• _Activity_: Among the entries below, the lines from the one with "Gelato Ijs Zuinig" up to and including the one with "Lampe torche rechargeable" are to be restated exactly, without pictures.

• _Data to examine_:

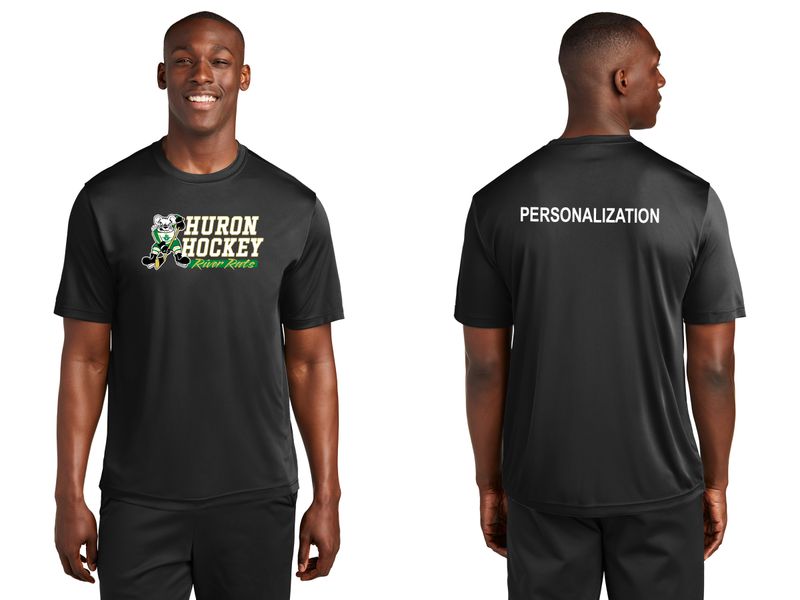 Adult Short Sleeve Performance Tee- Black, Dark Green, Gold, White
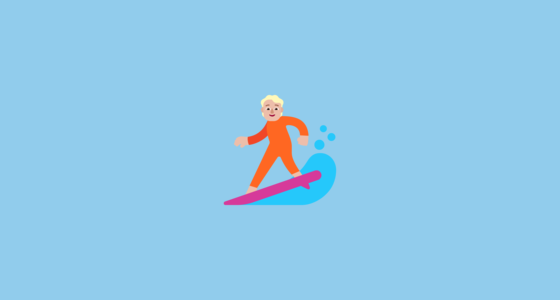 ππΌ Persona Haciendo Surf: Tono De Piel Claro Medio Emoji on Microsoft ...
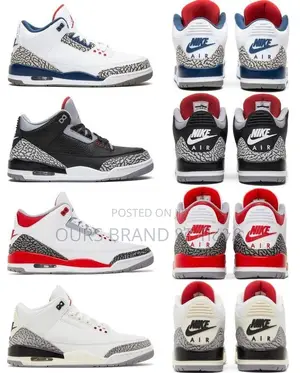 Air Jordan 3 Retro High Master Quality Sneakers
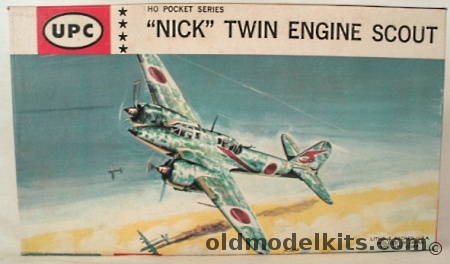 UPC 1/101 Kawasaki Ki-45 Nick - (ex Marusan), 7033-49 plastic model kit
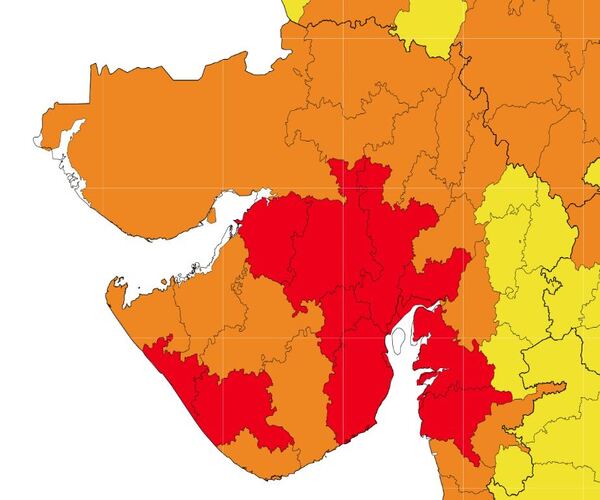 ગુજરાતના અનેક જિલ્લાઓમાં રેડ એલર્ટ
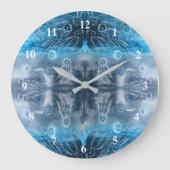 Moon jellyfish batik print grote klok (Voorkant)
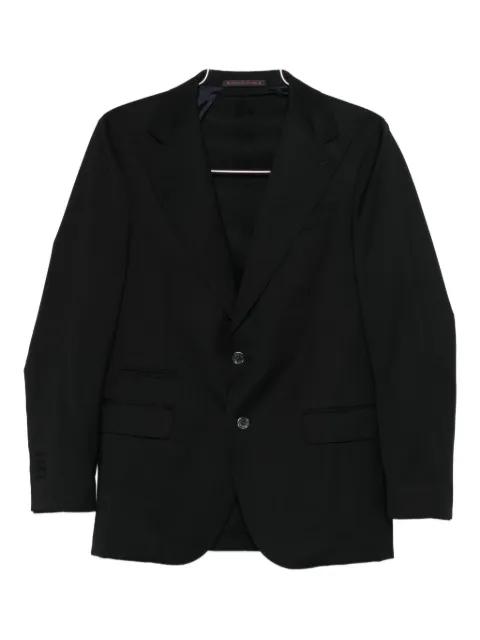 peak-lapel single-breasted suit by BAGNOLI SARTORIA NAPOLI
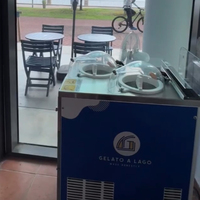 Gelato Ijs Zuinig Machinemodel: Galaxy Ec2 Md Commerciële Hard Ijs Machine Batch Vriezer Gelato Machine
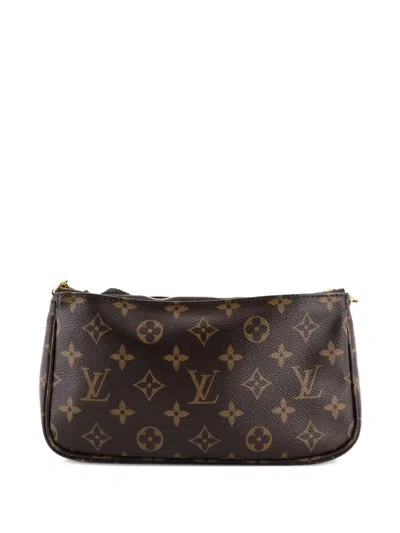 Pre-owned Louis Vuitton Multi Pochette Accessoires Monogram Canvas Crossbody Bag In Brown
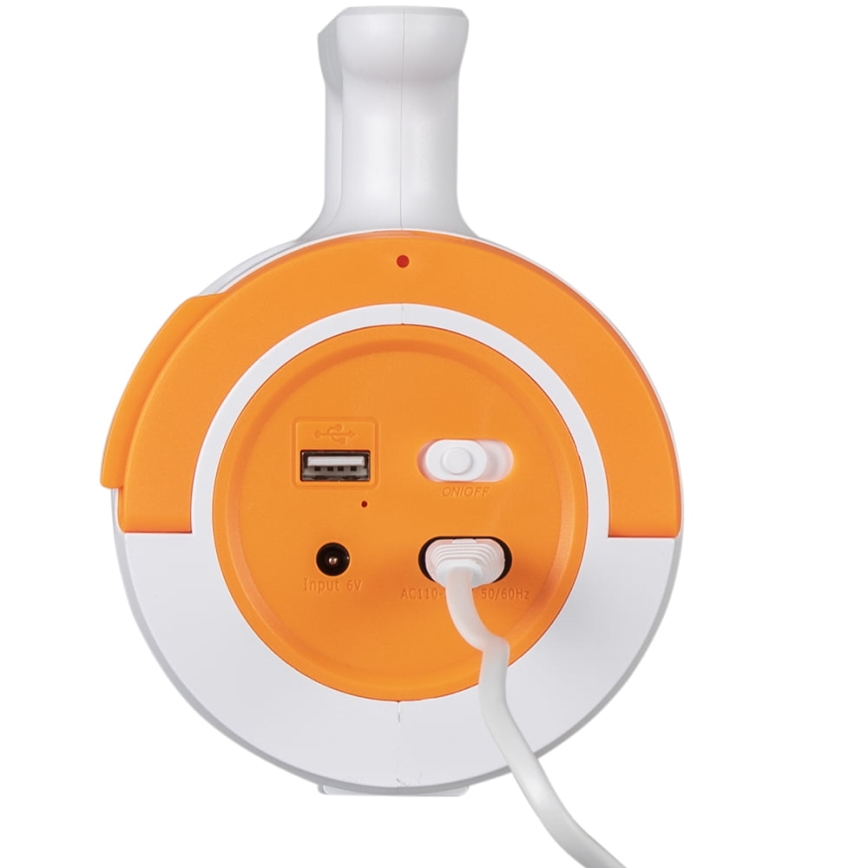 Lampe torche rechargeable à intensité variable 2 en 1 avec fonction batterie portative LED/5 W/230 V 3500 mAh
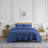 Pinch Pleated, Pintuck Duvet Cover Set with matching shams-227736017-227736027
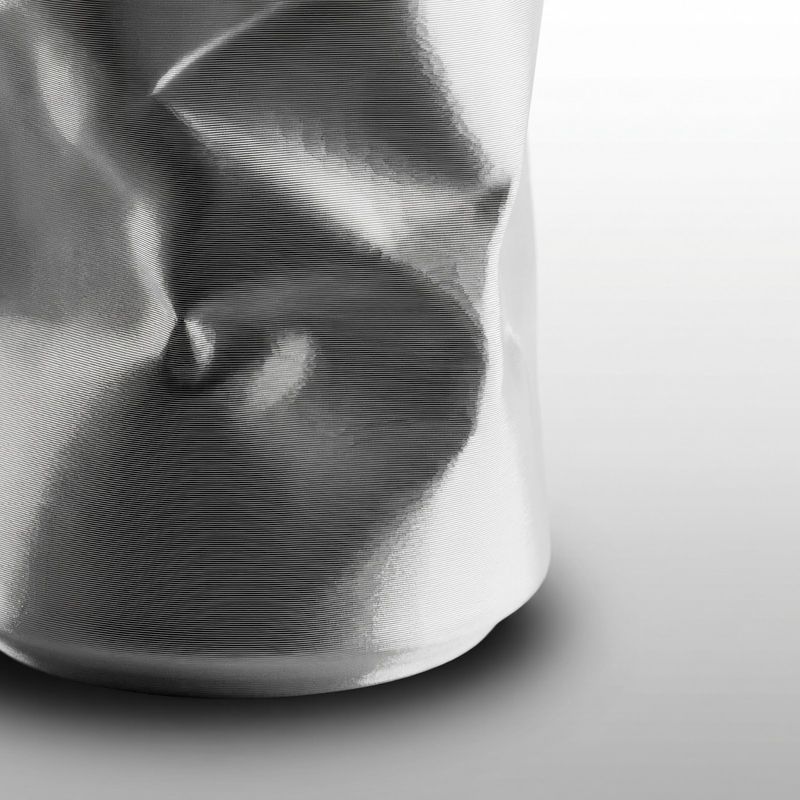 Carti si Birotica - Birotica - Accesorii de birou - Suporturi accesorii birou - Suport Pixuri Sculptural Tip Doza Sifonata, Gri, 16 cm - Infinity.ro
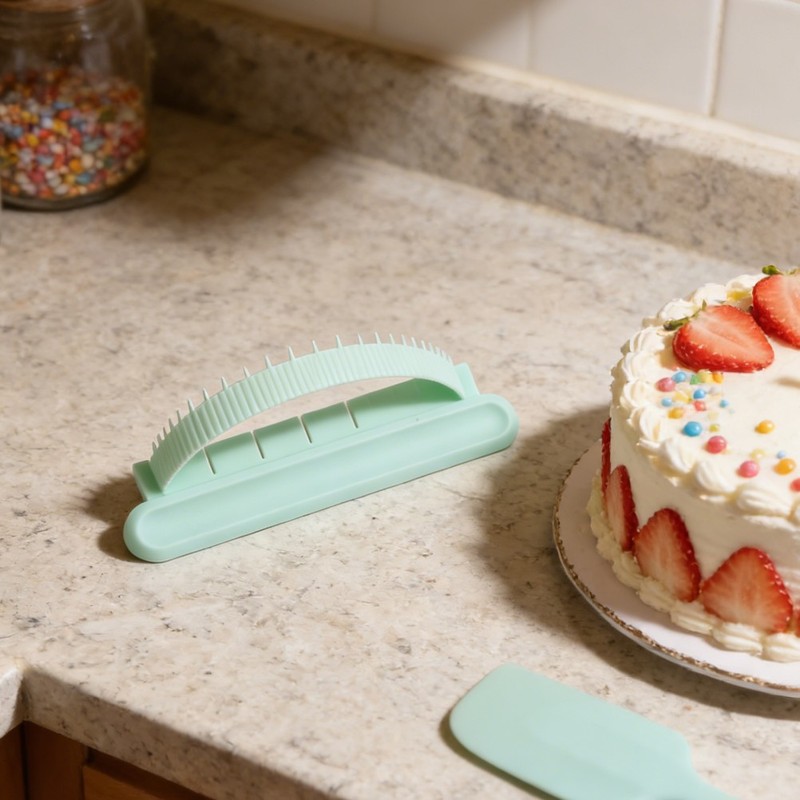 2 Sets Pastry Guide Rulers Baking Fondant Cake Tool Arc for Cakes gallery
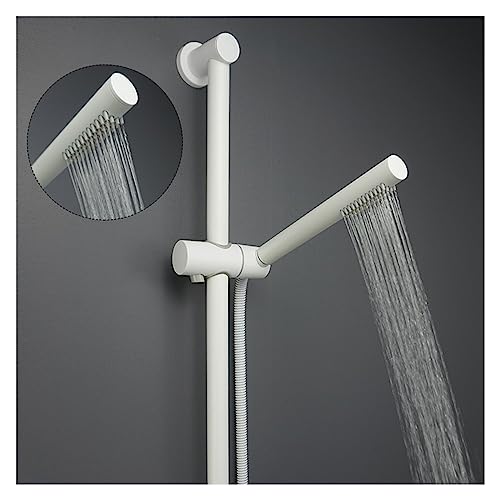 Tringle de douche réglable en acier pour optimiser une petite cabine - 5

--

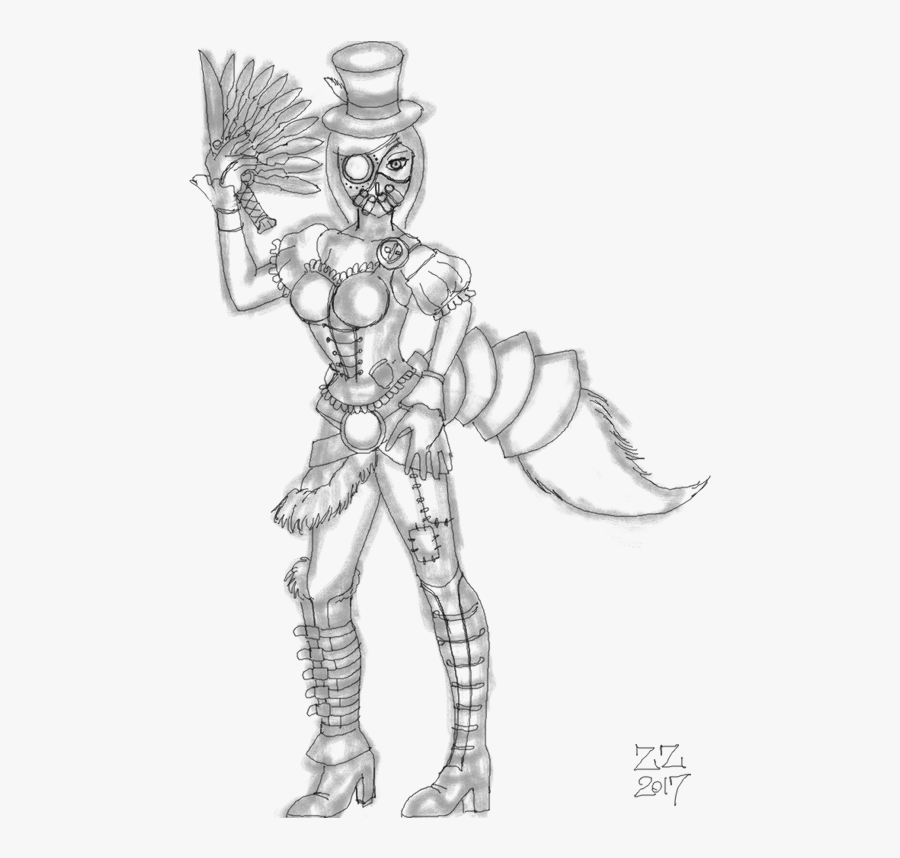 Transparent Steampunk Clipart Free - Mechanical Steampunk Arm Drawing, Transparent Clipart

• _Exercise output_:
 Gelato Ijs Zuinig Machinemodel: Galaxy Ec2 Md Commerciële Hard Ijs Machine Batch Vriezer Gelato Machine
 Pre-owned Louis Vuitton Multi Pochette Accessoires Monogram Canvas Crossbody Bag In Brown
 Lampe torche rechargeable à intensité variable 2 en 1 avec fonction batterie portative LED/5 W/230 V 3500 mAh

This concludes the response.